Digital sources today encompass social media, video-sharing platforms, online forums, databases maintained by regulatory bodies like the Financial Action Task Force (FATF), and other online blogs or websites complementing traditional news sources like national newspapers and television news programs.

How is Adverse Media Check Performed?

An exhaustive procedure of looking for the name and address of a potential client in public records (such as newspaper archives, databases, and unstructured sources) constitutes an adverse media search.
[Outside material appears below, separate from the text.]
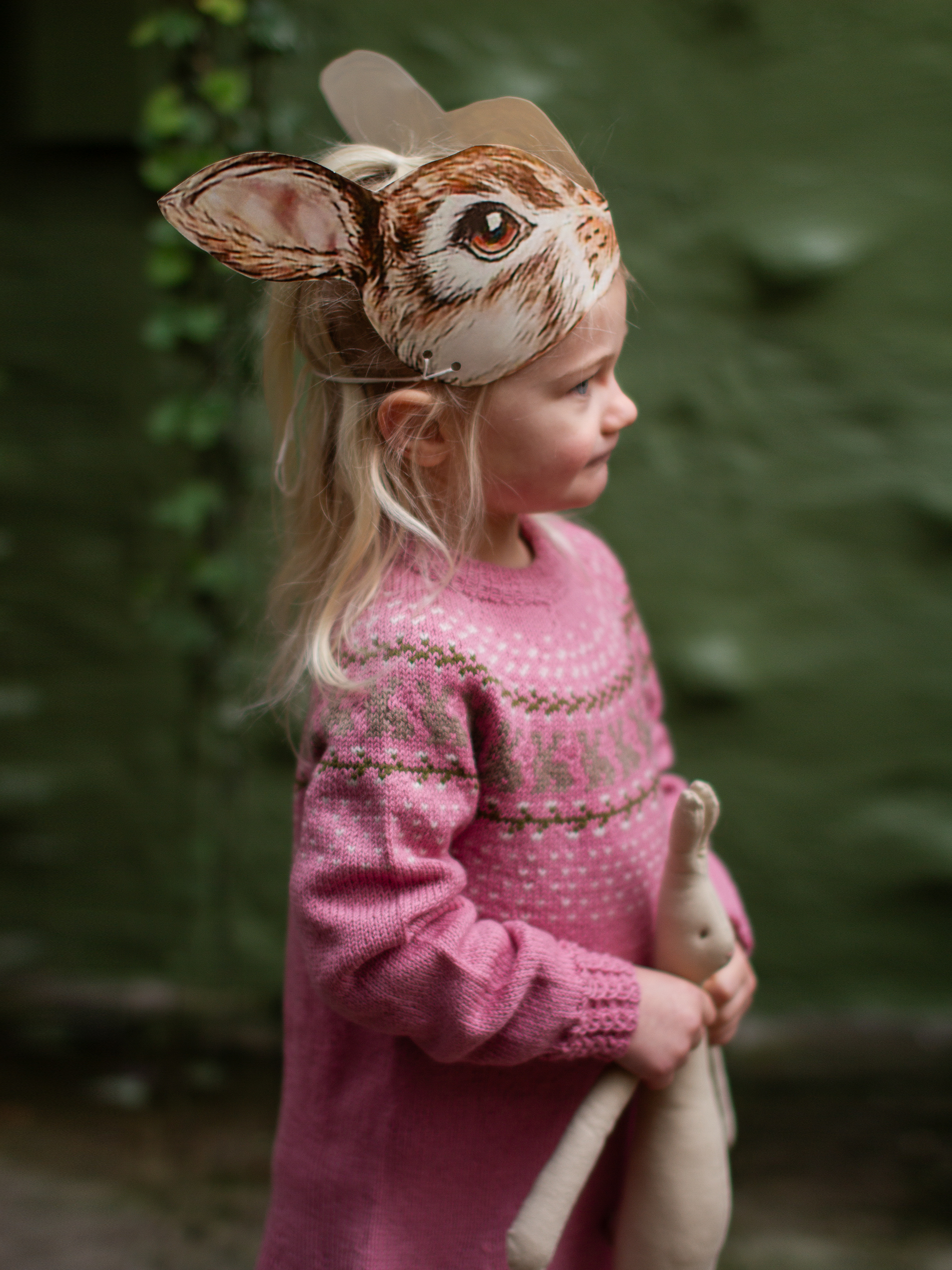 421K-01a BUNNY kjole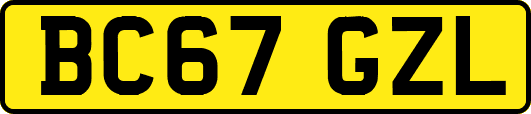 BC67GZL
Automated Compliance Technologies

Automated compliance solutions enable firms to quickly sift through the vast amount of information currently available and notify them of important changes or red flags regarding a person or business. Utilizing software to monitor negative media can boost a company’s ability to screen consumers in accordance with their company’s risk appetite and help concentrate on the most pertinent signals.

If there is a match with a potential consumer, a more thorough manual analysis follows.

Benefits of Adverse Media Checks

Due Diligence: The identification of high-risk clients—those who might have ties to criminal activity—requires the execution of adverse media checks as part of enhanced Customer Due Diligence (CDD).

Reputation and Safety: These tests contribute toward risk assessment, assisting in determining whether the client poses a liability and whether they might jeopardize the reputation and safety of a company.

Containing Crime: Adverse media checks help identify serious offenders who might otherwise exploit an unprotected opportunity.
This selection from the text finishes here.